# [WHAT IS REQUIRED]
Your answer should be the exact lines of the records, starting with the one containing "Nahaufnahme des Kühlergrills" and running to the end.

# [SUPPLIED RECORDS]

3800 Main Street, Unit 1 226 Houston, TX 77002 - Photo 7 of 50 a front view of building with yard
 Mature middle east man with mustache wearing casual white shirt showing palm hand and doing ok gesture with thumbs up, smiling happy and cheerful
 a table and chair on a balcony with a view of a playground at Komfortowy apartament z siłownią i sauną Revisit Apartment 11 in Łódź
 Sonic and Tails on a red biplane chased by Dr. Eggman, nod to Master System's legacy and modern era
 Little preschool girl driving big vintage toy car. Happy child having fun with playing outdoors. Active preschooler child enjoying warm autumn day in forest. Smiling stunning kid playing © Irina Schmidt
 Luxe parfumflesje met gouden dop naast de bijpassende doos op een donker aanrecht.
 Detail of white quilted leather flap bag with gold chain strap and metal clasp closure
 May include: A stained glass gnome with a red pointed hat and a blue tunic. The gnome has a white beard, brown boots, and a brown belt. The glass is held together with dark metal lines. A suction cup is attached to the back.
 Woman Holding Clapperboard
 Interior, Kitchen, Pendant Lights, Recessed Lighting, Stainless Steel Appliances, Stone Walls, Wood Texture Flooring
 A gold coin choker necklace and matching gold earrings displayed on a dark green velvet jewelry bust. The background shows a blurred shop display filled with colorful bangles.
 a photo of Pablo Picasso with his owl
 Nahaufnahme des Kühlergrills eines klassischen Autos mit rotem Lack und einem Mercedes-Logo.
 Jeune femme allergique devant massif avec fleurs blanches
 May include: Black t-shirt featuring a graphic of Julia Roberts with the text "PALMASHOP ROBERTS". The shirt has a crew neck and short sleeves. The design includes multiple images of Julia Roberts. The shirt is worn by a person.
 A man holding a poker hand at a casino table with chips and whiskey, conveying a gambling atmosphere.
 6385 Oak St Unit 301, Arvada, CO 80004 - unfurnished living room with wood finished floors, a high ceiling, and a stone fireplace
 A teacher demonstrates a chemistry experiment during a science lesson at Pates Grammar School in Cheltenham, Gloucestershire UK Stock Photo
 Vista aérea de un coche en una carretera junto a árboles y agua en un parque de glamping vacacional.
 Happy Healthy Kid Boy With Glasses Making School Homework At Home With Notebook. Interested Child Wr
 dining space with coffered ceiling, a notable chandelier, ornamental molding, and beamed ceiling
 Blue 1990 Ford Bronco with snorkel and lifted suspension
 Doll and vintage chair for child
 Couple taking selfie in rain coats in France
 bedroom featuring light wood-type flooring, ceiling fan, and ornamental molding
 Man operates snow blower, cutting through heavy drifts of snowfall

# [YOUR SOLUTION]
 Nahaufnahme des Kühlergrills eines klassischen Autos mit rotem Lack und einem Mercedes-Logo.
 Jeune femme allergique devant massif avec fleurs blanches
 May include: Black t-shirt featuring a graphic of Julia Roberts with the text "PALMASHOP ROBERTS". The shirt has a crew neck and short sleeves. The design includes multiple images of Julia Roberts. The shirt is worn by a person.
 A man holding a poker hand at a casino table with chips and whiskey, conveying a gambling atmosphere.
 6385 Oak St Unit 301, Arvada, CO 80004 - unfurnished living room with wood finished floors, a high ceiling, and a stone fireplace
 A teacher demonstrates a chemistry experiment during a science lesson at Pates Grammar School in Cheltenham, Gloucestershire UK Stock Photo
 Vista aérea de un coche en una carretera junto a árboles y agua en un parque de glamping vacacional.
 Happy Healthy Kid Boy With Glasses Making School Homework At Home With Notebook. Interested Child Wr
 dining space with coffered ceiling, a notable chandelier, ornamental molding, and beamed ceiling
 Blue 1990 Ford Bronco with snorkel and lifted suspension
 Doll and vintage chair for child
 Couple taking selfie in rain coats in France
 bedroom featuring light wood-type flooring, ceiling fan, and ornamental molding
 Man operates snow blower, cutting through heavy drifts of snowfall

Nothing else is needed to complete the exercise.